There are three main reasons for the loss of proper hat etiquette in America since I was a boy. None of them really excuse those behaviors now that would make my grandmother roll over in her grave, but still they have contributed to the polite toleration of a sad change in how men wear hats and/or leave them on at inappropriate times.
The first nail in the coffin is how hats have lost their value. What years ago a man would save up to purchase and wear with pride, now is often given away in cheap form to most anybody; frequently even for free if it bears a brand name logo of a mass-produced product. So, hats have gone from serving a personal purpose to being forehead advertising. Another chink in the armor for hat etiquette comes on the heels of how there are no longer hat racks at entry points in homes, eateries, or shops. In the past, one entering a room would find a convenient place to hang a hat right there. And concomitant with this courtesy was the well-known fact that no one touched a man’s hat.
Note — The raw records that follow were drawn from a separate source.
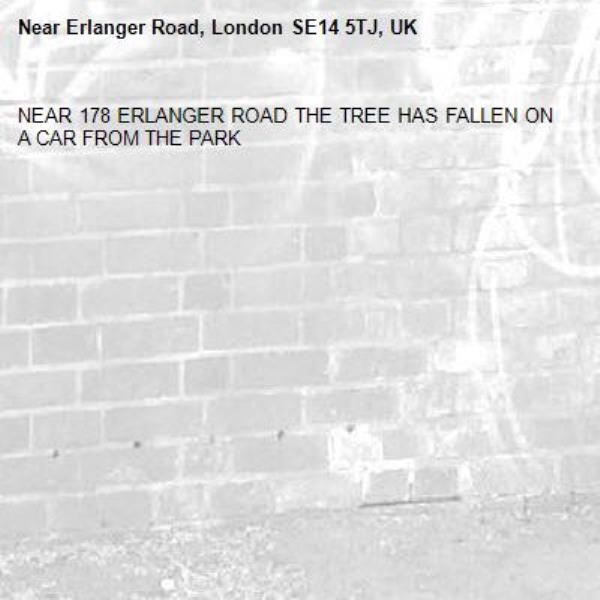 NEAR 178 ERLANGER ROAD THE TREE HAS FALLEN ON A CAR FROM THE PARK-Erlanger Road, London SE14 5TJ, UK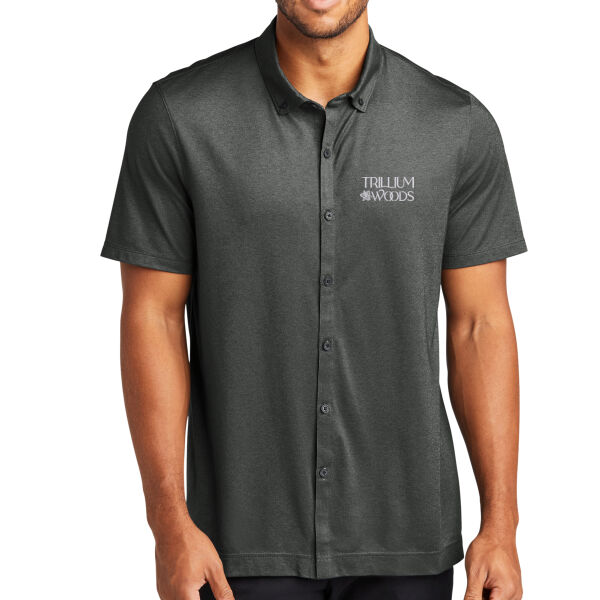 Trillium Woods Embroidered - Stretch Pique Full Button Polo Thumbnail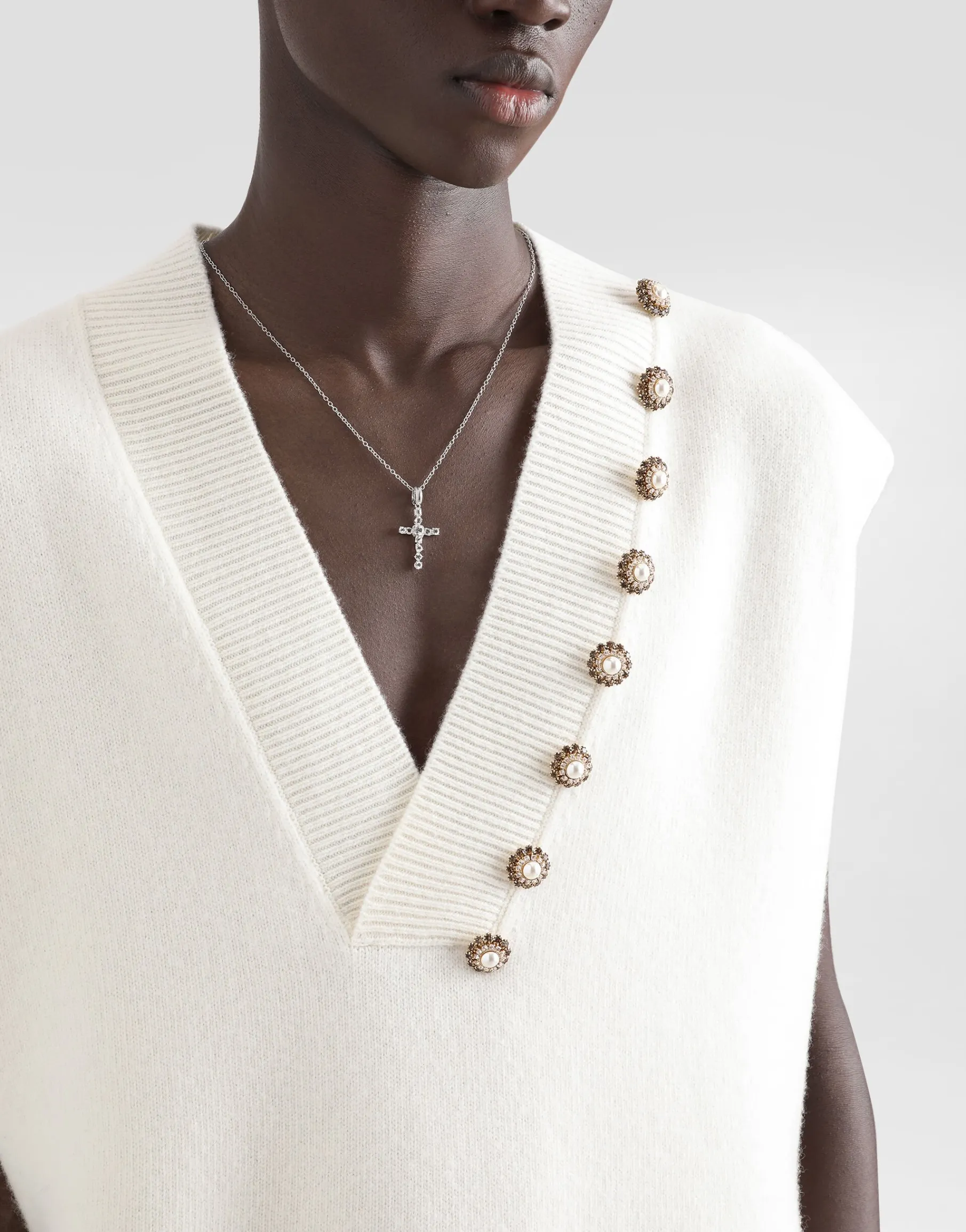 Wool V-neck vest with bejeweled buttons and DG embroidery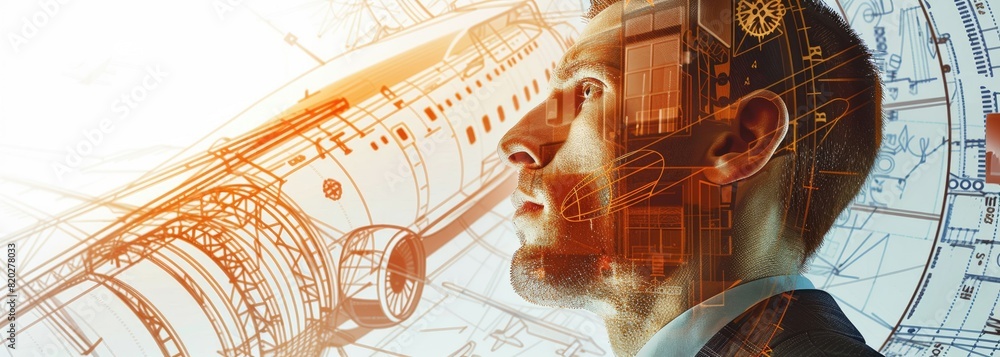 Poster the image shows a man wearing augmented reality glasses looking at a 3d model of a building. the gla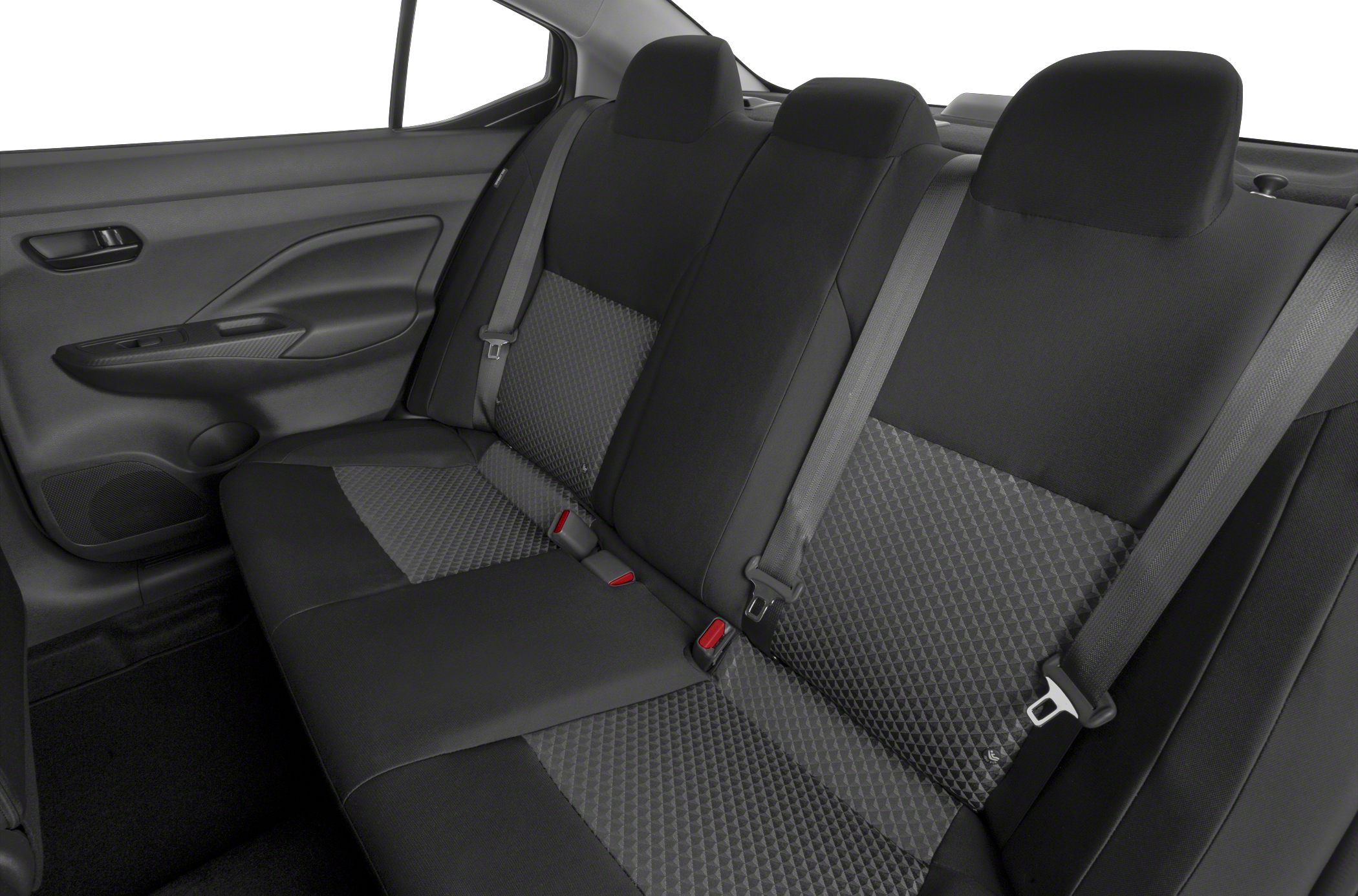 Rear seat interior with patterned upholstery and seat belts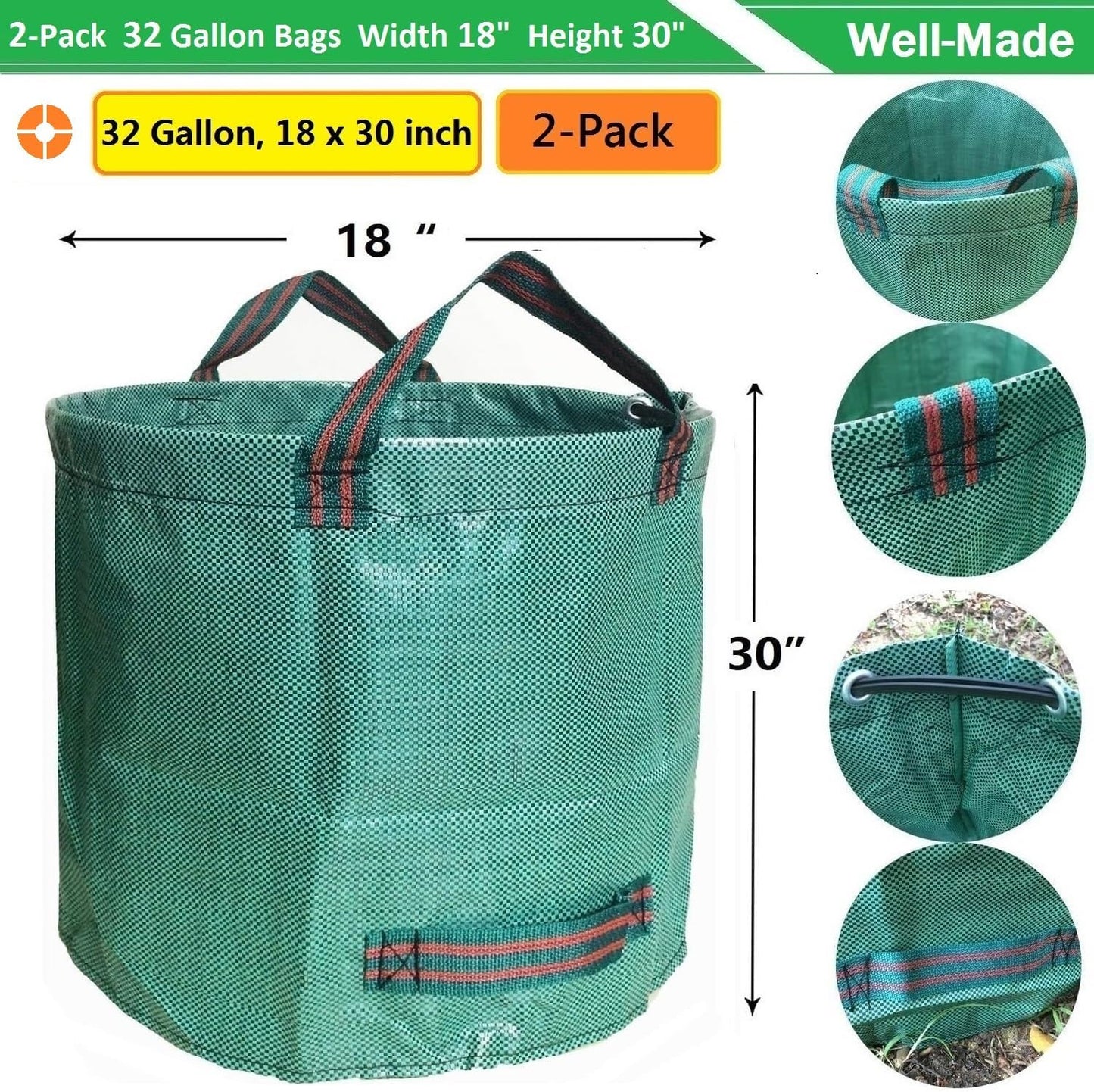 Standard 2-Pack 32 Gallon Yard Garden Bags (D18, H30 inch) with Gardening Gloves for Yard Waste,Debris Bags,Recycling Bin,Camping Trash Container,Laundry Bag,Lawn Grass Clippings,Leaf Bag w/ 4 Handles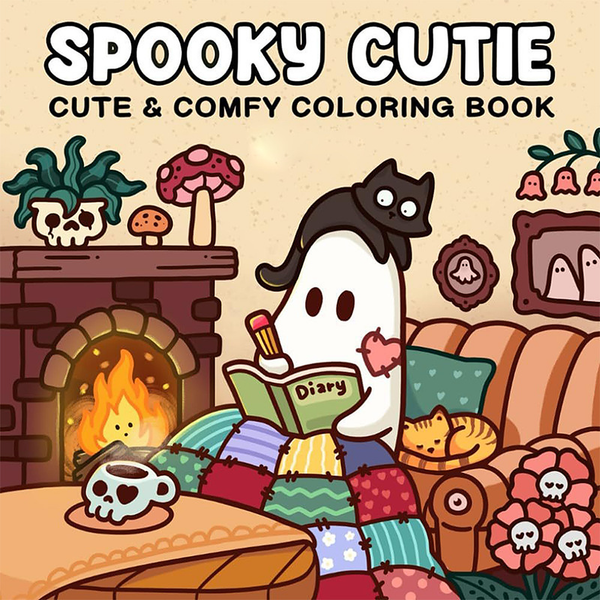Front cover of the Spooky Cutie colouring book, showing a ghost reading by a lit fireplace with a black cat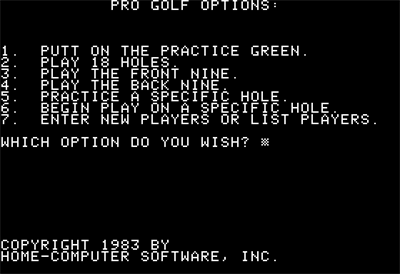 Pro Golf - Screenshot - Game Select Image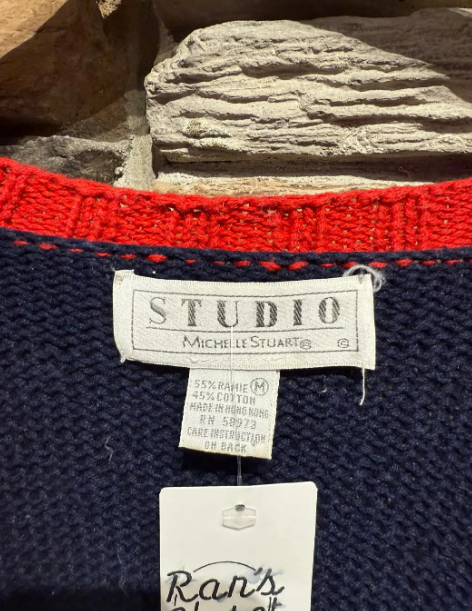 Vintage Studio by Michelle Stuart Knit Cardigan with Equestrian Design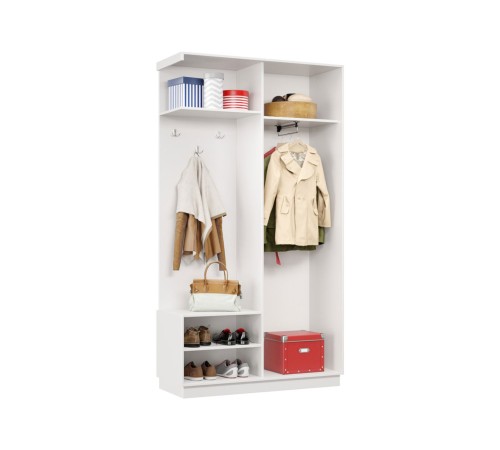 Прихожая-купе Маршал МИНИ 01 левая 220х100х45 (каркас белый 07, фасад 01 зеркало бронза ЗБ), профиль чёрный муар 07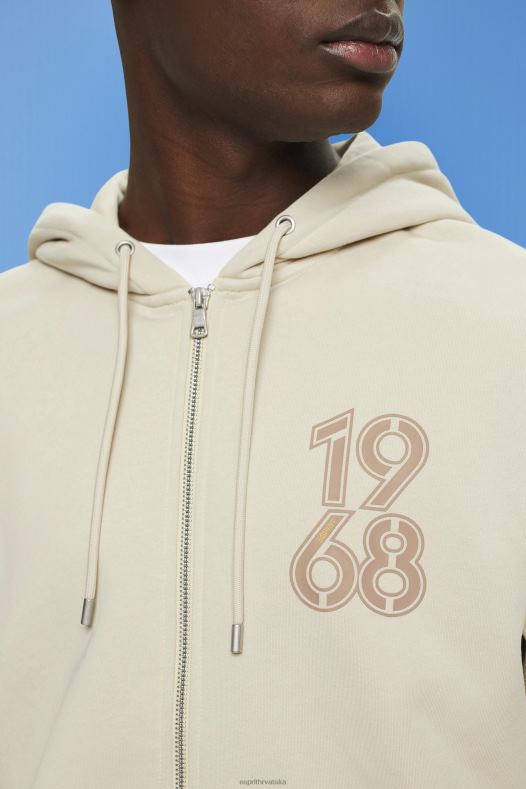 Esprit muškarci majica s kapuljačom pune dužine svijetlo taupe majice i majice s kapuljačom A48RT635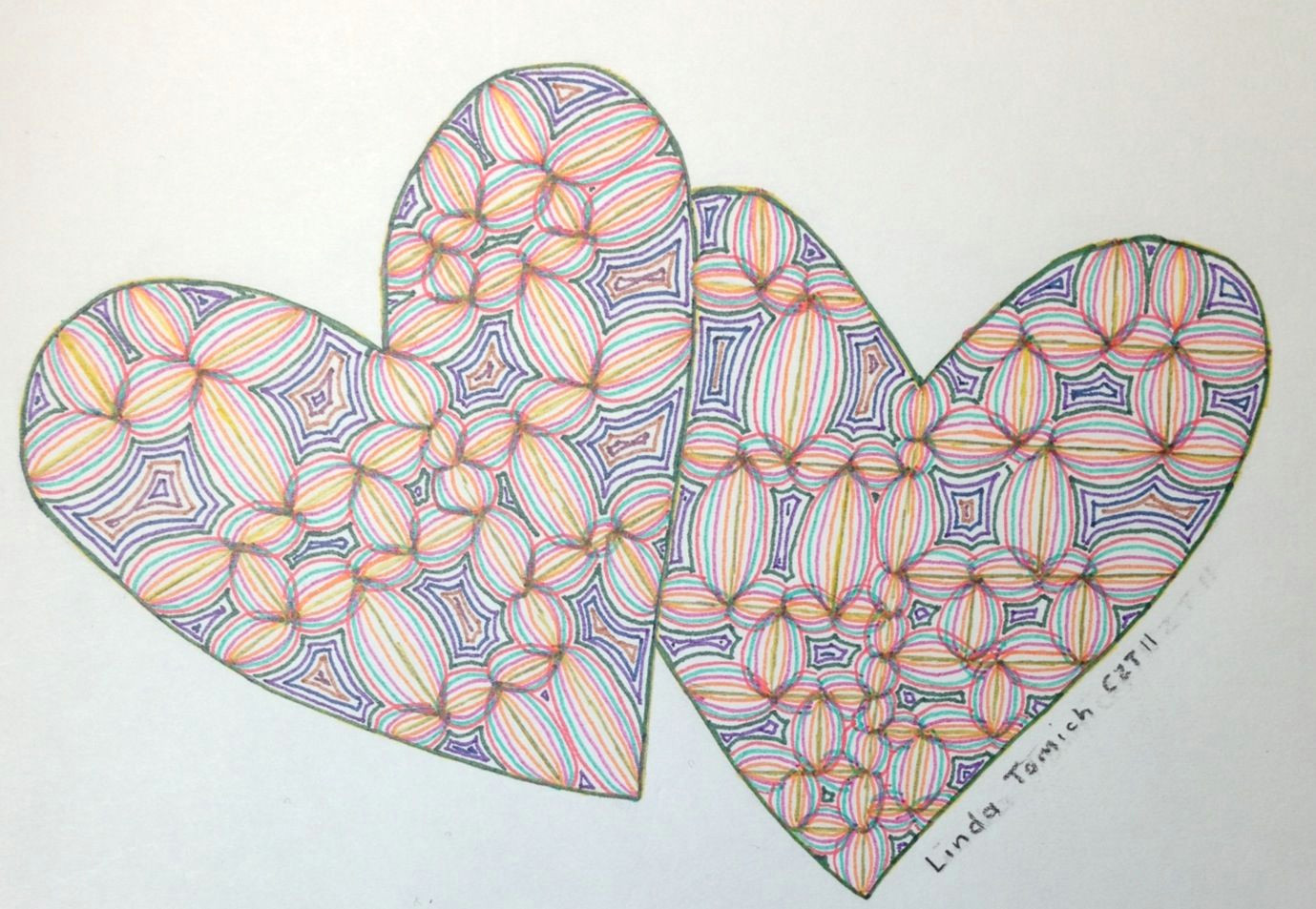 Drawing Two Heart Zentangle Two Hearts Zentangles Color Pinterest Heart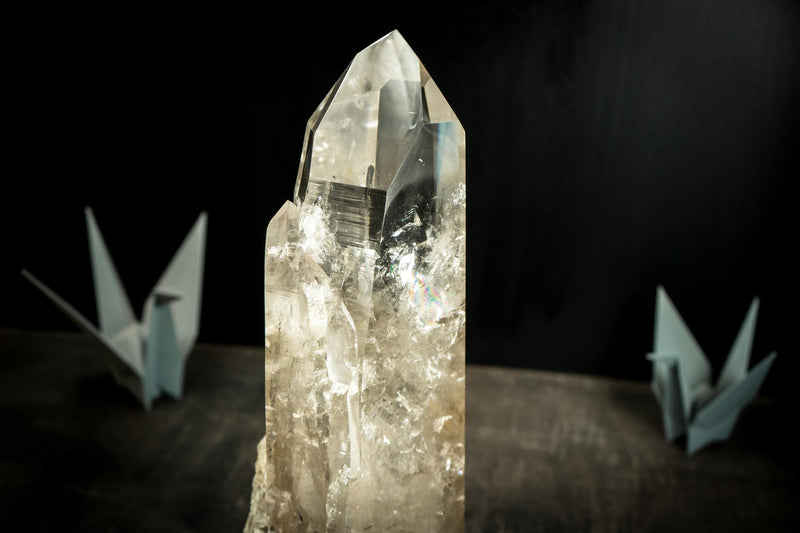 XL AAA Lemurian Quartz Crystal Point from Brazil, Master Crystal from Serra do Cabral - E2D Crystals & Minerals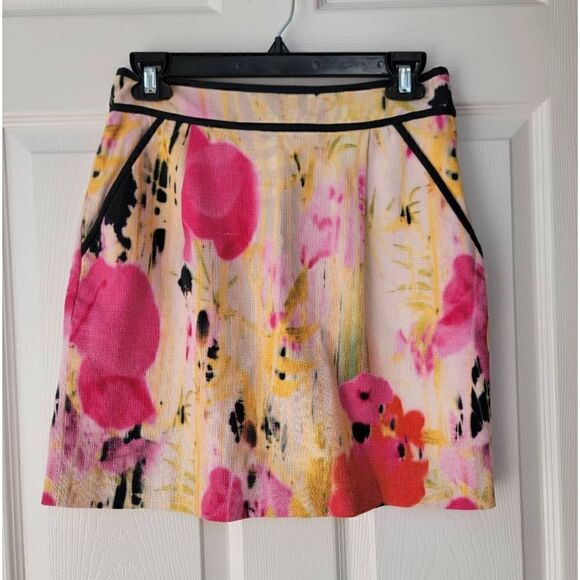 Tabitha Poppy Watercolor Mini Skirt 4 - Picture 1 of 6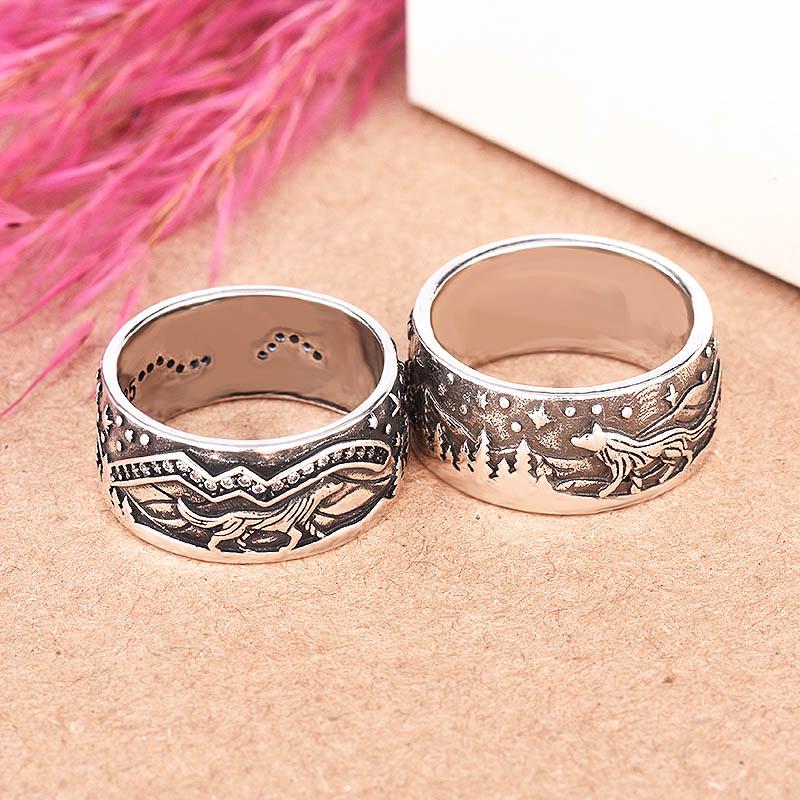Loyal Wolf Couple Rings - European & American Plated S925 Retro Thai Silver Rings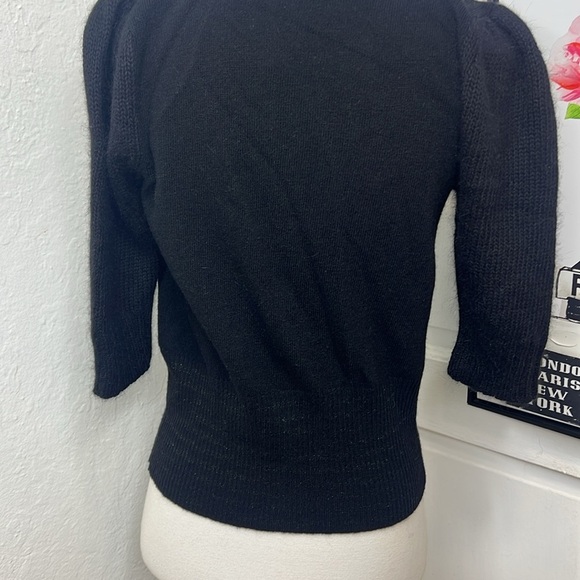 Vintage DVF Emmy Black Wool Short Angora Sleeve Cardigan Size P/XS - Picture 5 of 9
This also would imply that stealing a man’s hat was akin to stealing his horse and could generate a response from a cowboy or a gentleman such that if and when the law arrived it would be to deliver a cretin to either the doctor or the undertaker.
The third contributor to the demise of hat etiquette is most sad of all in it is just a sign of the general decline in the proper instruction of manners from one generation to the next. To remove a hat when entering was taught, be it on the farm, or in the school, or in the home. “Hats and jackets off inside,” was a cry heard immediately as I entered my grandmother’s house. The teaching included: Remove a hat when the dead are being transported across your path in a hearse. Remove a hat when praying. Remove a hat when standing at attention for the playing of the National Anthem, or Taps. Remove a hat when saluting the U.S. flag, or as it is being raised or lowered. Remove a hat when seated (you may already be indoors, but again it may be a blocker of vision for those behind you).
Lastly, it was taught how none of these apply to ladies whose hats are part of their decoration and accessorizing, and/or may be frequently held in place with pins, clips, or other dangerous items not to be disturbed. Certainly, such a double standard might be fodder for a different editorial. Meanwhile, if you are a guy reading this while wearing a hat indoors (assuming you are not a chef), take it off.